Las diferencias realmente existentes son con la inversión. Desde el macrismo advierten la urgencia de revertir el creciente malestar popular con la situación económica si se pretende ganar las elecciones intermedias de 2017 y pensar en la continuidad del régimen. Pero la realidad comienza a erosionar los valores de los dirigentes. La creencia inicial era que así como los excedentes de los trabajadores suelen ir casi en su totalidad a consumo, las mayores ganancias empresarias empujarían la inversión.

Sin embargo, las mejoras amistosas con “los mercados” en materia de costos salariales e impuestos, el supuesto cambio de “clima de negocios”, no trajeron los beneficios macroeconómicos esperados. De acuerdo a los datos oficiales del Indec, la IIBF (Inversión Interna Bruta Fija) se desplomó el 4,2 por ciento en el primer trimestre del año y un estimado de 4,9 en el segundo.

Los números conducen a dos cuestiones. La primera es fáctica y unívoca: en todas las economías del planeta existe una relación directa entre inversión y crecimiento y Argentina necesita elevar la tasa de inversión si quiere crecer para aumentar el PIB per cápita. La segunda es teórica y no resuelta: ¿cuáles son las causas de la inversión? El mainstream económico, del que Cambiemos es expresión cabal, sigue sosteniendo, aun contra las evidencias, que basta con mejorar la rentabilidad empresaria y la “seguridad jurídica”. La visión heterodoxa, en cambio, cree que la inversión es una función del resto de los componentes de la Demanda Agregada, de la que, a su vez, el Consumo Privado representa los dos tercios. La fórmula, en consecuencia, no es inversión o consumo, sino inversión y consumo.
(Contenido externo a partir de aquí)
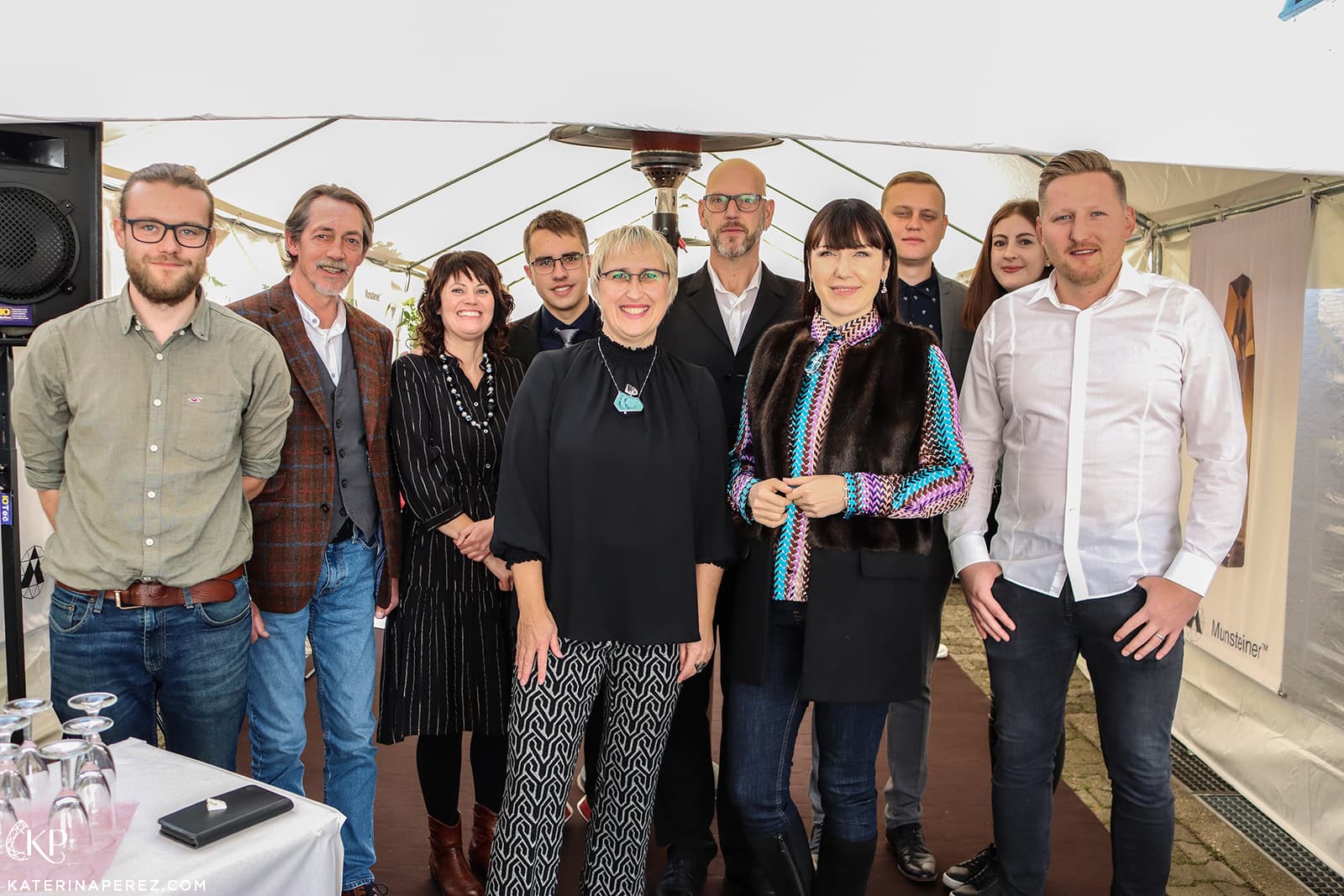 Katerina Perez and the Atelier Munsteiner team at an event to celebrate the opening of its 13th studio exhibition in Stipshausen, Germany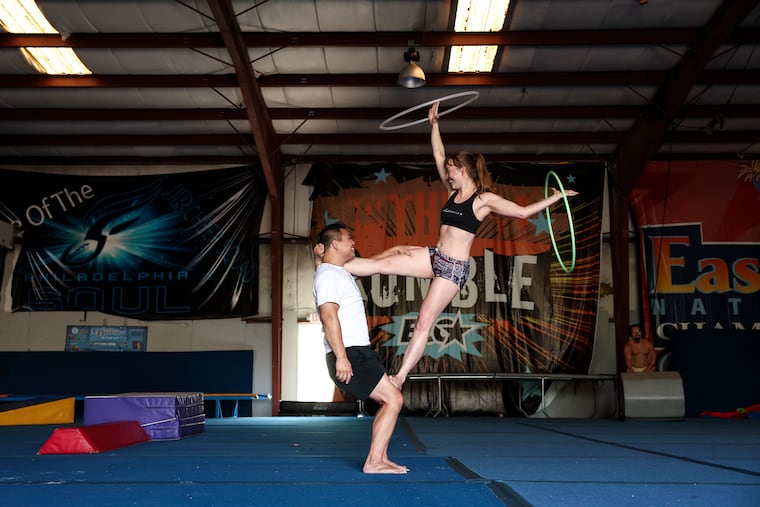 Rob Li and Acacia Noel work on a flag with hoops during a Philly Acro Skill Share on July 5 at Power Athletics.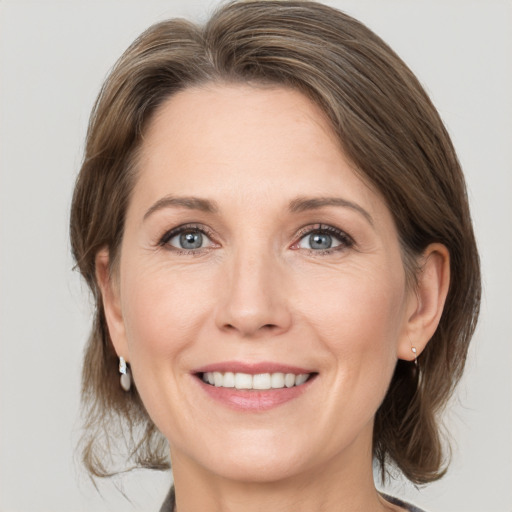 Joyful white adult female with medium  brown hair and grey eyes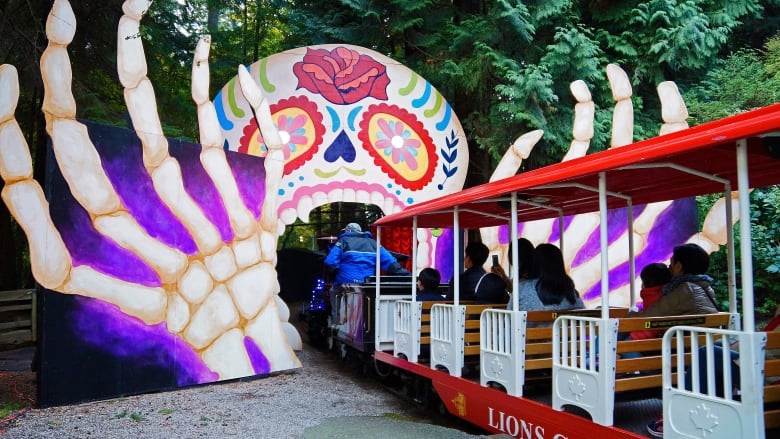 A miniature train enters a skull-like gate in a park.,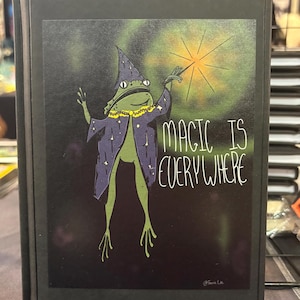 Peut inclure: Une couverture de livre noire avec une illustration d'une grenouille verte habillée en magicien, tenant une baguette avec une étoile. Le texte "MAGIC IS EVERYWHERE" est écrit en blanc. La grenouille porte une robe et un chapeau violets.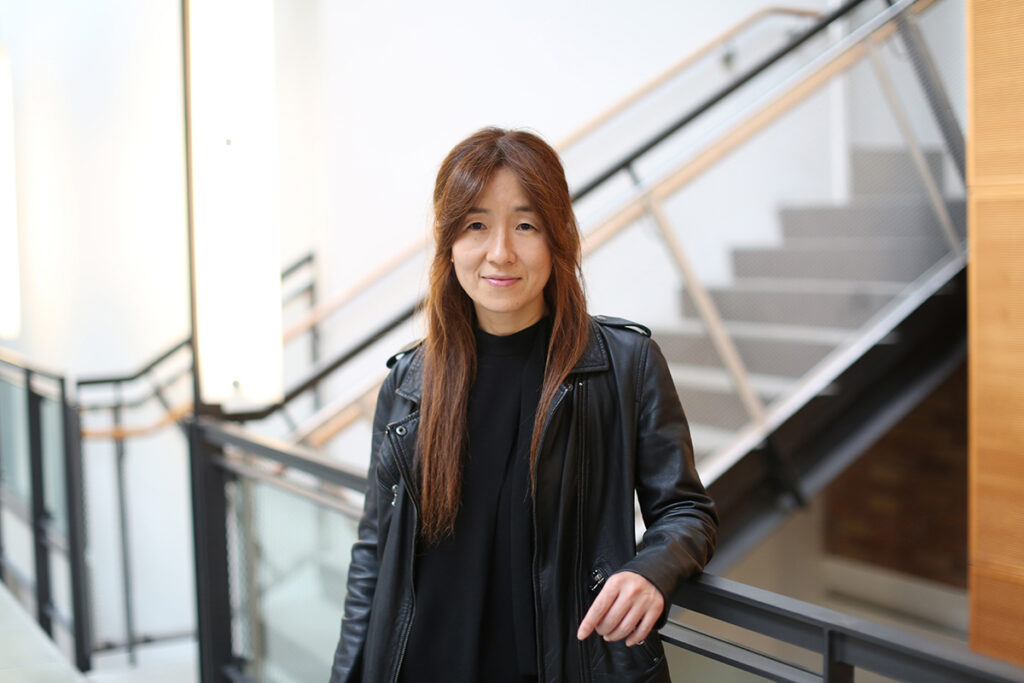 Yejin Choi in a black leather jacket over a black shirt, leaning against a metal railing with a metal, wood and concrete stairwell in the background. A portion of wood-paneled wall is visible in the right of the frame.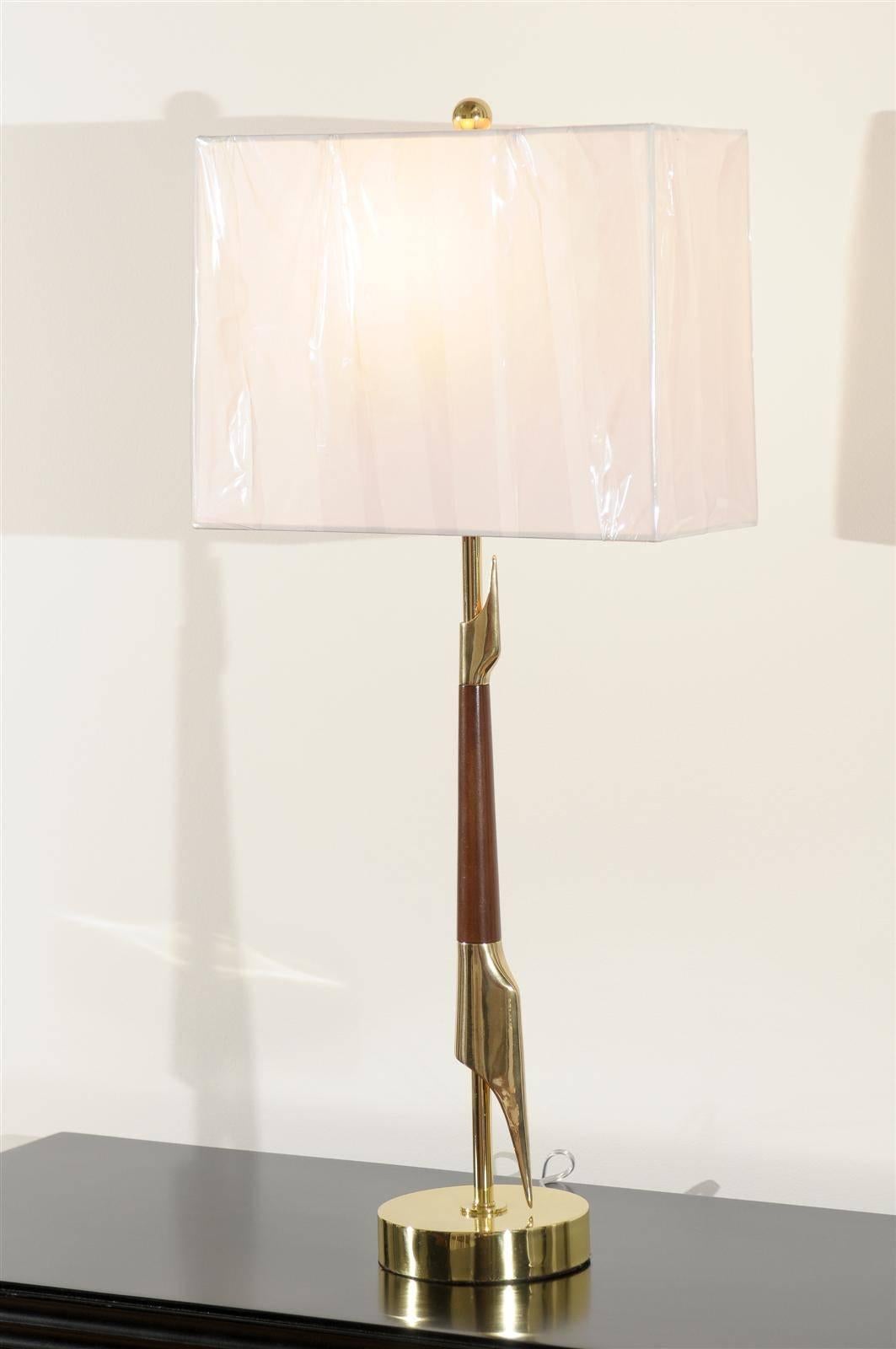 An exquisite pair of lamps from a difficult to find series by Rembrandt, circa 1960. A tall, elegant modern design executed in walnut and brass. Fabulous Jewelry! Excellent restored condition. Rewired using clear cord, new brass three-way sockets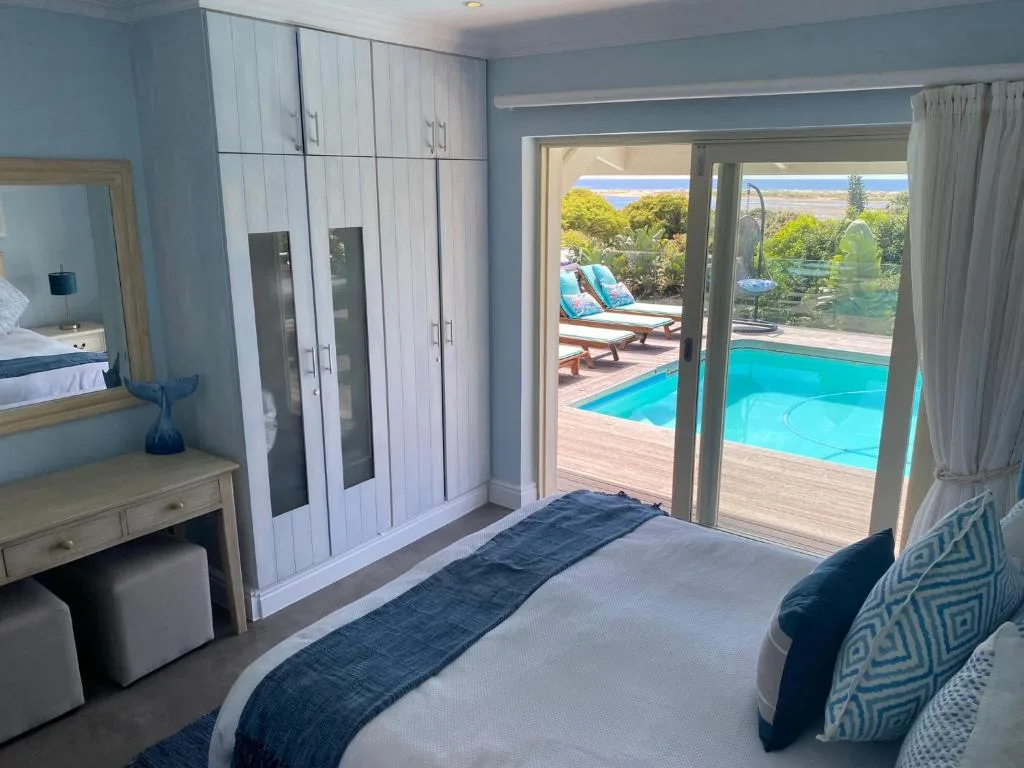 Master bedroom with pool and lagoon views through glass doors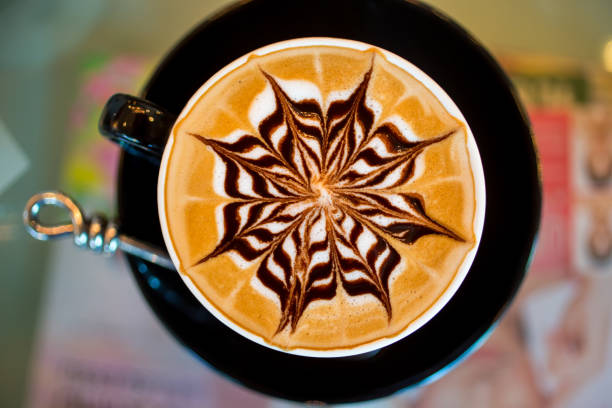 istock Top view of Latte coffee in grass cup on table. 1216991567
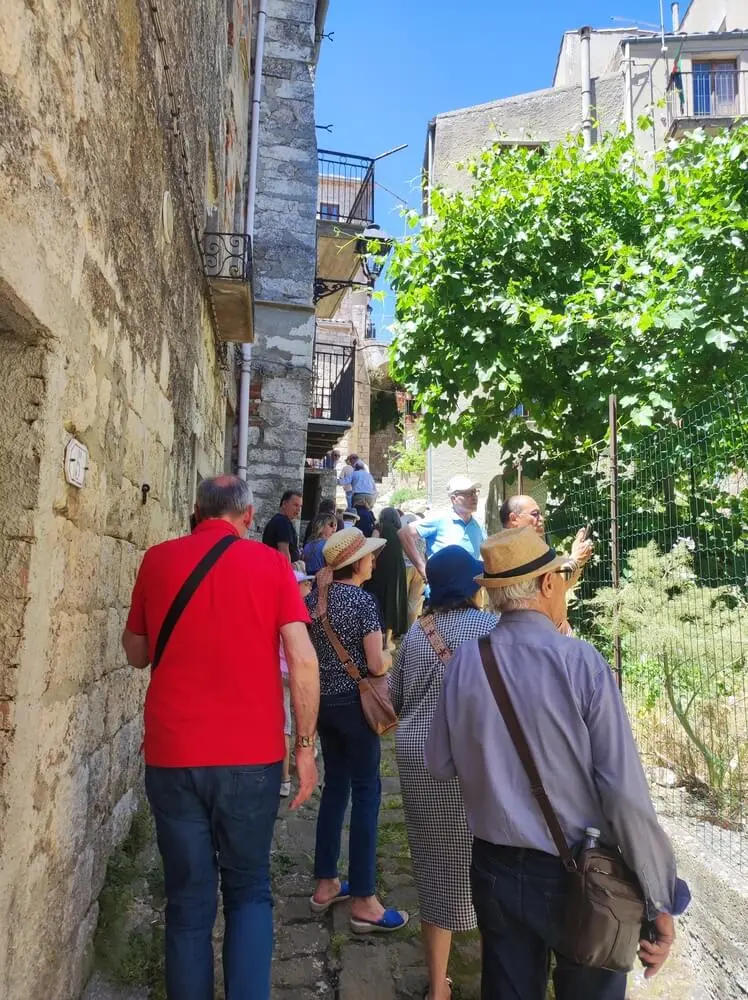 Gruppo di turisti in un vicolo di un borgo antico.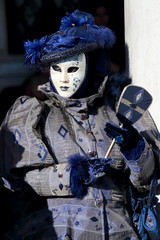 Fototapeta na wymiar Black and blue mask at the Carnival of Venice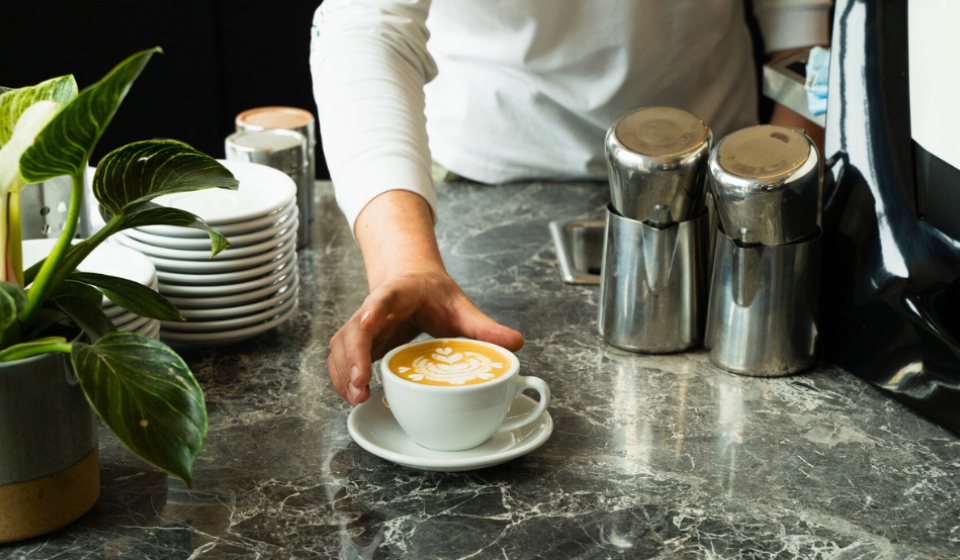 Barista presents a latte on a marble counter.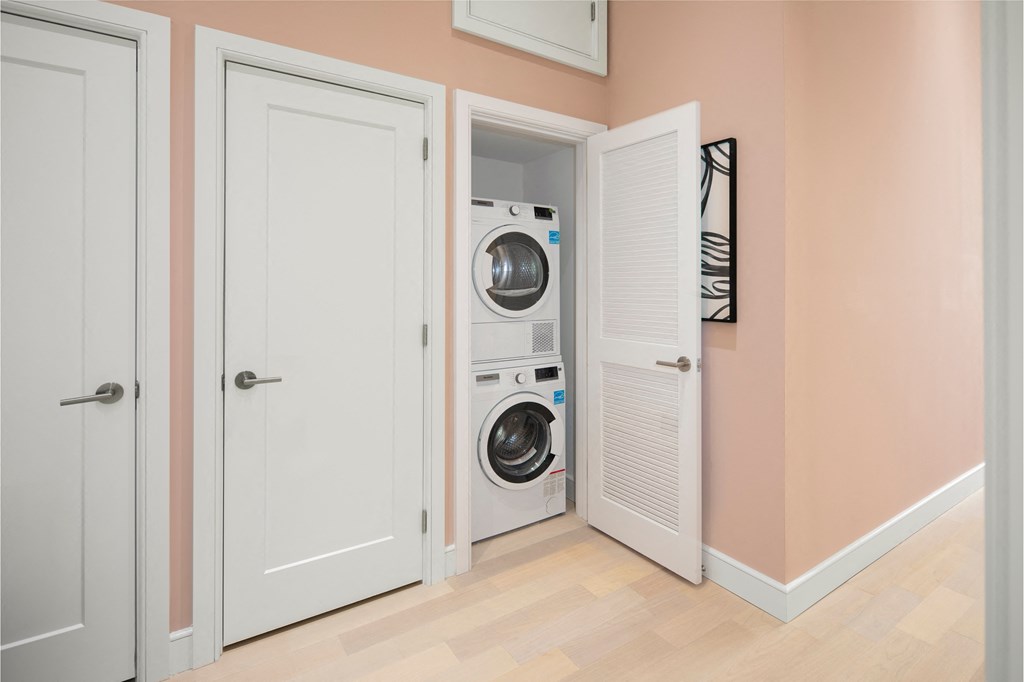 a small laundry room with a washing machine and a door to the closet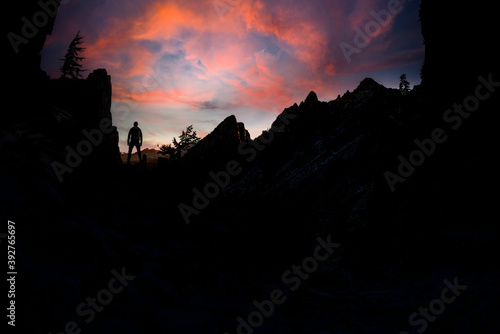 A silhouette of an adventurous male hiker standing on top of a cliff enjoying the beautiful view during a vibrant sunset.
El hijo de Franco Macri parece reprocharles en serio a sus colegas la falta de “voluntad inversora”. Les reclama conciencia y les advierte que el régimen está en peligro si no se gana en 2017. Para ello la economía debe crecer, pero antes tienen que invertir. Tras escuchar que son lo más grande que hay, los mejores de la sociedad y, en consecuencia, tienen una responsabilidad mayor, los empresarios responden que para enterrar activos necesitan primero la certeza sobre la continuidad más allá de 2017.

Mientras tanto, las mayores ganancias quedan a buen resguardo gracias a las tasas que fija el BCRA. Es la fábula del huevo y la gallina que desespera al diputado Federico Pinedo, quien días atrás soltó que los empresarios no invierten porque “se hacen los langas”. Frente a tantos devaneos vale recordar una vez más lo que decía Adam. Smith: la inversión no depende de las benevolencia de los empresarios, sino de las posibilidades ciertas de beneficios, lo que generalmente ocurre, decía J. M. Keynes, cuando se espera que exista demanda de largo plazo para los productos. Dicho de otra manera: decididamente los hombres de negocios no invierten si en sus plantas existe capacidad instalada ociosa o se acumulan stocks. Por eso, continuaba Smith, no hay que dirigirse “a su humanidad sino a su propio interés”, no hay que hablarles “de nuestras necesidades, sino de sus ventajas”. Y la mejor manera de hacerlo es con demanda pujante, la que, como demostró Henry Ford, requiere poner plata en los bolsillos de los trabajadores. Aunque más no sea para ganar las elecciones.